'The Beast' Asteroid Pictured In Amazing Detail By Earth-Based Radar

This Is A Near-Earth Asteroid. Its Name Is 'The Beast'. It Is Scary.

Nasa has revealed some astonishingly detailed images of a huge near-Earth asteroid nicknamed "the Beast".

The 21 pictures were produced using an Earth-based radar, when the asteroid 2014 HQ124 was between 864,000 and 902,000 miles from the Earth on Sunday.

They manage to show the texture and structure of the asteroid, and represent the most detailed pictures ever taken.

The asteroid is about 1,200 feet wide, and appears to have once been two rocks that have now fused together.

"This may be a double object, or 'contact binary,' consisting of two objects that form a single asteroid with a lobed shape," said Lance Benner of Nasa's Jet Propulsion Laboratory.

The asteroid whizzed past Earth at 31,000 mph, but never posed a danger to Earth. If one this size did crash into our planet, it would be devastating on a city-destroying scale.

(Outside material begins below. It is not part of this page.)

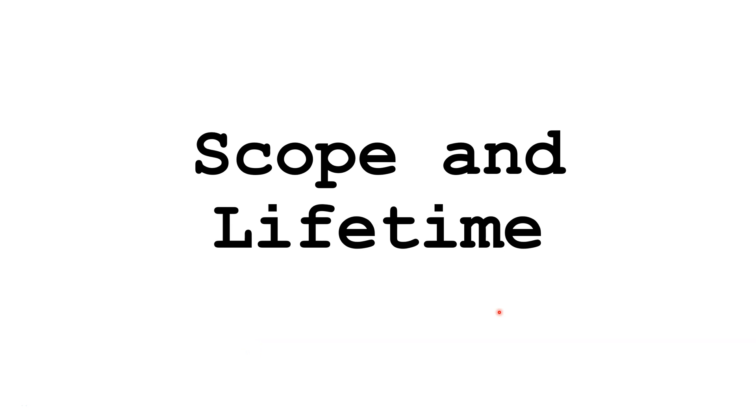Hello. In this Java tutorial, we are going to learn about scope and lifetime of variables in memory.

"To obtain the new views, researchers paired the 230-foot (70-meter) Deep Space Network antenna at Goldstone, California, with two other radio telescopes, one at a time. Using this technique, the Goldstone antenna beams a radar signal at an asteroid and the other antenna receives the reflections. The technique dramatically improves the amount of detail that can be seen in radar images.

To image 2014 HQ124, the researchers first paired the large Goldstone antenna with the 1,000-foot (305-meter) Arecibo radio telescope in Puerto Rico. They later paired the large Goldstone dish with a smaller companion, a 112-foot (34-meter) antenna, located about 20 miles (32 kilometers) away.

A recent equipment upgrade at Arecibo enabled the two facilities to work in tandem to obtain images with this fine level of detail for the first time."